A famous theorem of Carathéodory states that if a point \(x\in\mathbb{R}^d\) lies in the convex hull of a set \(P\) then \(x\) can be written as the convex combination of at most \(d+1\) points in \(P\). Maurey's theorem is an extension of Carathéodory's result to the infinite-dimensional case of Hilbert spaces.
Theorem (Maurey). Let \(H\) be a Hilbert space with norm \(\Vert\cdot\Vert\). Suppose there exists \(G\subset H\) such that for every \(g\in G\), \(\Vert g\Vert\leq b\) for some \(b>0\).

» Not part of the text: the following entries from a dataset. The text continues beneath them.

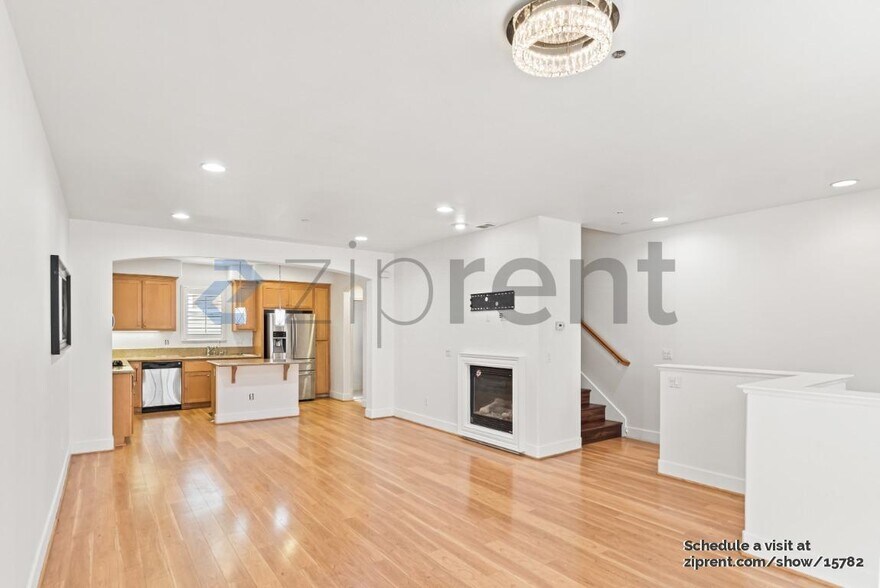 Building Photo - 4 Muller Pl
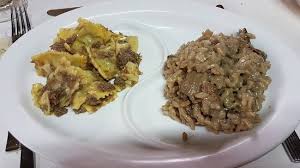 Il brasato è tipico del nord italia, in cui viene spesso accompagnato dalla polenta. Ravioli Al Brasato E Risotto Ai Funghi Porcini Picture Of Trattoria Il Ceppo Volpara Tripadvisor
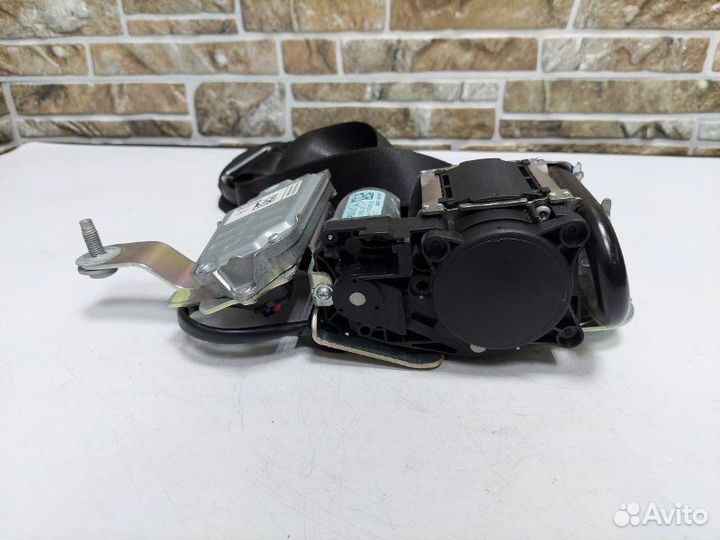 Ремень безопасности передний левый Mercedes-Benz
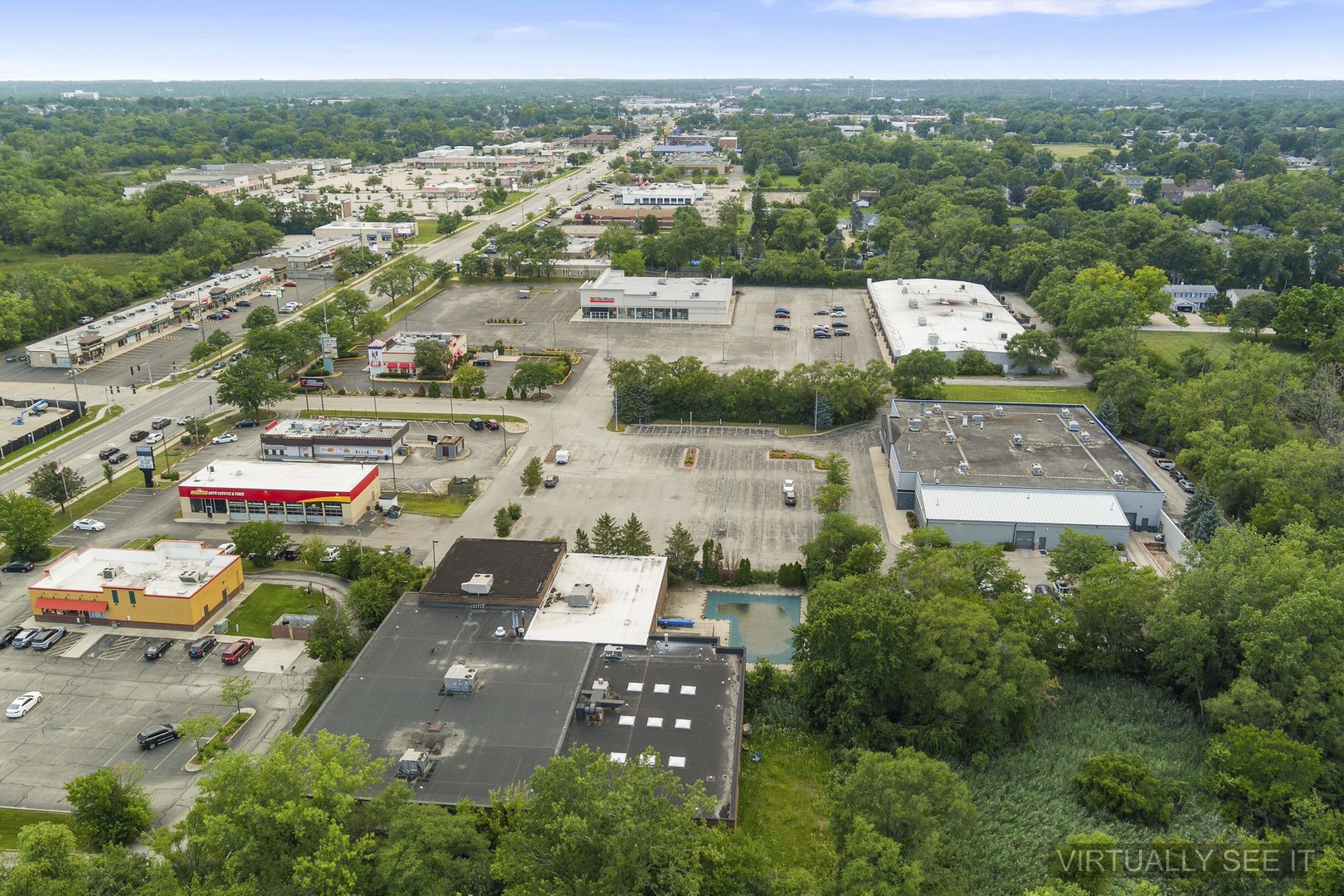 830 E Roosevelt Road, Lombard, IL 60148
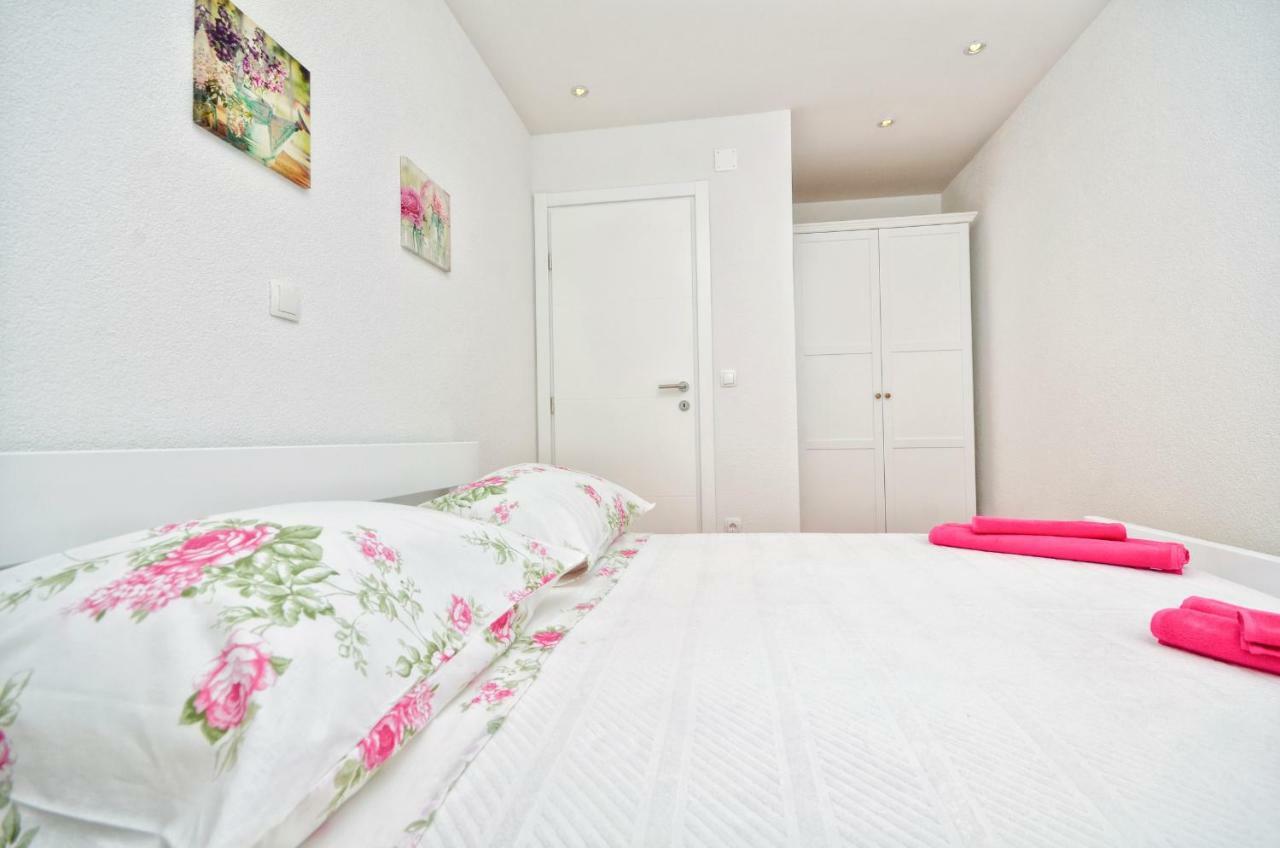 Apartments Vekic Makarska Eksteriør billede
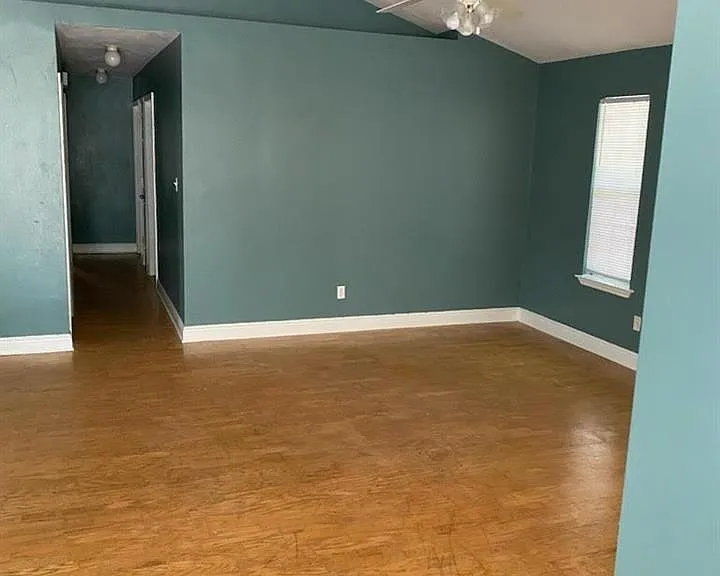 3201 Addison Ln — Photo 3
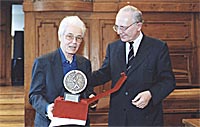 Übergabe der Fairness-Preis-Medaille an den Preisträger durch Rupert Lay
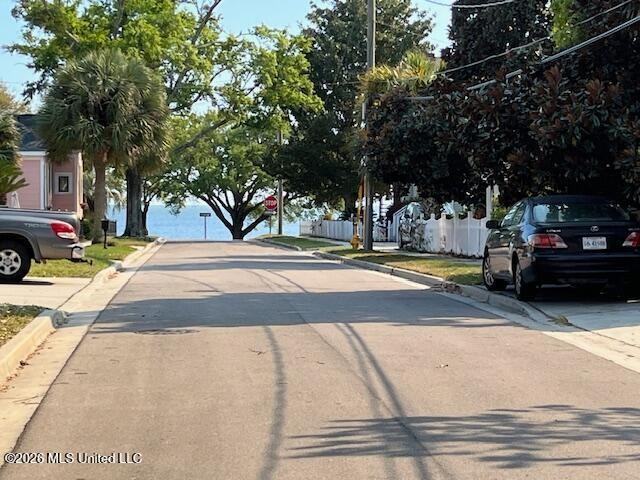 126 Azalea Dr - Photo 3 of 12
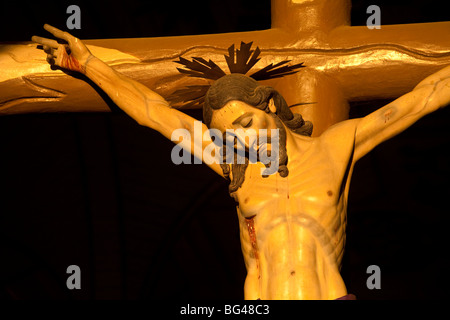 Nicaragua, Leon, XVIII secolo El Chiesa del Calvario, Iglesia Dulce Nombre de Jesus El Calvario, Statua del Cristo crocifisso Foto Stock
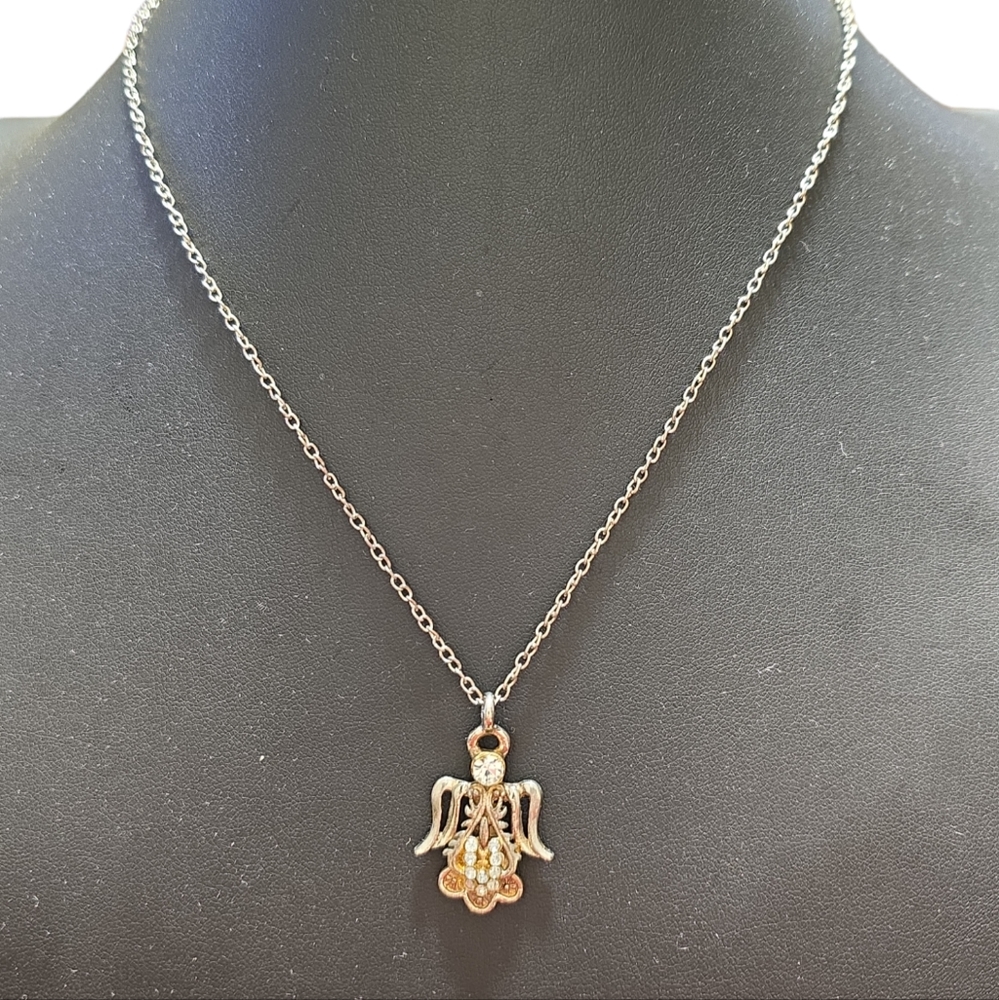 18" Angel Charmed Chain Necklace with Stones L8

Then, for every \(f\) in the convex hull of \(G\) and every integer \(n\geq 1\), there is a \(f_n\) in the convex hull of \(n\) points in \(G\) and a constant \(c>b^2-\Vert f\Vert^2\) such that \(\Vert f - f_n\Vert^2\leq \frac{c}{n}\).
In practice, we used Maurey's theorem to show that there exists $$ \begin{align} f_{\epsilon}(\boldsymbol{x}) = \sum_{j=1}^{\lceil 1/\epsilon^2\rceil}b_j\big[\cos(\beta_j)\mathrm{Re}(K(\boldsymbol{w}_j\cdot\boldsymbol{x})) - \sin(\beta_j)\mathrm{Im}(K(\boldsymbol{w}_j\cdot\boldsymbol{x}))\big], \end{align} $$ with \(\sum_{j=1}^{\lceil 1/\epsilon^2\rceil}\vert b_j\vert \leq C_F\) and \(\beta_j\in\mathbb{R}\), such that $$ \Vert f_{\epsilon}(\boldsymbol{x}) - f(\boldsymbol{x})\Vert_{L^2(\mu, B)} \leq 2C_F\sqrt{\mu(B)}\epsilon. $$ In other words, the function \(f\) is approximated by a linear combination of analytic functions with error \(2C_F\sqrt{\mu(B)}\epsilon\) in the \(L^2(B,\mu)\)-norm. The task of approximating \(f\) by deep ReLU networks has been reduced to approximating analytic functions by deep networks.
The Chebyshev polynomials of the first kind play a central role in approximation theory. They are defined on \([-1,1]\) via the three-term recurrence relation $$ T_n(x) = 2xT_{n-1}(x) - T_{n-2}(x), \;\; n\geq 2, $$ with \(T_0=1\) and \(T_1(x) = x\). We showed that deep ReLU networks can implement the recurrence relation efficiently. Since truncated Chebyshev series can approximate analytic functions exponentially well, so can deep networks.